The one thing this coverage is missing, however, is the salient (and sad) fact that even though we are now in an age in which there is a viable chance of electing a female president, we remain incapable of discussing a woman’s candidacy without incorporating a traditional narrative focusing around her fertility (or that of her child). While it’s true that the Clintons—more than any American political family since the Kennedys—have long straddled the line between political and celebrity family and so things like pregnancy or marriage are bound to be covered in a much more tabloid-inspired way than would be the case with, for example, the Bush family, it should also be emphasized that, as far as pregnancies go, Chelsea’s is just not that interesting. And I’m not just saying that because I’m not interested. (Although… I’m not. Honestly, unless you are me or very closely related to me, I probably don’t care that much about your baby.) The fact that a wealthy, well-educated married couple in their mid-thirties chose to have a baby is pretty much the very definition of uninteresting. (Seriously, it’s why Park Slope is so boring, you know?)
However, that doesn’t mean, though, that I’m categorically opposed to all stories about a woman’s fertility as it relates to political issues—on the contrary, really. Because as much as we live in an era of powerful political women, we also live in an age where women’s reproductive freedoms and access to birth control and abortions are being curtailed in many places around the country. We’re living in a time in which employers attempt to deny women access to affordable health care in order to dictate what these women can and cannot do with their bodies. And so, in a sense, I wish more women in powerful positions were speaking out about what was going on with their bodies. Only, I don’t really think we need to hear more about pregnancies. Instead, there could be more of an acknowledgment of all the babies that aren’t born, and more thought given to all the women who are able to have careers because they had ready access to birth control and abortions in their 20s and early 30s.
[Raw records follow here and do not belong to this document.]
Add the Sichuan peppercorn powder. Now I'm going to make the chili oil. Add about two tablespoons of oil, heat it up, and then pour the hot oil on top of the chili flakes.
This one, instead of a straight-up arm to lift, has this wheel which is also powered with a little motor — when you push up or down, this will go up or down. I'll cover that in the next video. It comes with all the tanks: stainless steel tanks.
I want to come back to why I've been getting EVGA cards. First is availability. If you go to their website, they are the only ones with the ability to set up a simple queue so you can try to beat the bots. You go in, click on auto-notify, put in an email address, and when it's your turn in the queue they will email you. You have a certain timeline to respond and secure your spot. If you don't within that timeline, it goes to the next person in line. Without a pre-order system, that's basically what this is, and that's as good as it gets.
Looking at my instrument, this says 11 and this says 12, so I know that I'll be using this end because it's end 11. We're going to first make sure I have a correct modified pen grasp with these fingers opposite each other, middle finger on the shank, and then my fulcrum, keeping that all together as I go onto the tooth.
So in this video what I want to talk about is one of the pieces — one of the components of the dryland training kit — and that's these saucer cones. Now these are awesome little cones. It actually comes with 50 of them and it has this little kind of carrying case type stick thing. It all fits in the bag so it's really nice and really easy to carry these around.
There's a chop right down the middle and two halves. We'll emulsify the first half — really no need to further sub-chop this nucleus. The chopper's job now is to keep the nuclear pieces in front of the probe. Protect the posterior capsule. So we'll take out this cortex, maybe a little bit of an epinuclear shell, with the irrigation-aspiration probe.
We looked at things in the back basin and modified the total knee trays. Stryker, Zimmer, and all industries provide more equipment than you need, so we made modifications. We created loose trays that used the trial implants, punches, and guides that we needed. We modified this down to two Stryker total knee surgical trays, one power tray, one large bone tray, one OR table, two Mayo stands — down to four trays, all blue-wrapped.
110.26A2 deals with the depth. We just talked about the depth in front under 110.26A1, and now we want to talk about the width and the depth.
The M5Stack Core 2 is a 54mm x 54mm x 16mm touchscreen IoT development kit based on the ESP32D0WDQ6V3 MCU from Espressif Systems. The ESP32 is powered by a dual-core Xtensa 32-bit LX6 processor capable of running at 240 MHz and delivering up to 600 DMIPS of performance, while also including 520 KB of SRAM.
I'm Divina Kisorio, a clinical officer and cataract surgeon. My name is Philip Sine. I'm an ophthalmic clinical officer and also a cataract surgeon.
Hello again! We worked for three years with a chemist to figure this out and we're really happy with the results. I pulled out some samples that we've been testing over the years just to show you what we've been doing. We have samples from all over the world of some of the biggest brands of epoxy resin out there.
It’s not babies that are the miracle anymore. Anyone can have a baby. The miracle these days is being able to build a foundation upon which women can make the choice to do what is right for themselves with regards to their own bodies. And the more we focus on and fetishize pregnancies like Chelsea Clinton’s the less likely it is that we are going to think about all the women in this country who don’t have the same privileges she does when it comes to accessing good health care. So when the election cycle really does pick up? I’ll be much more interested in hearing what Hillary has to say about all the women who don’t want to have children than I will about one woman who does.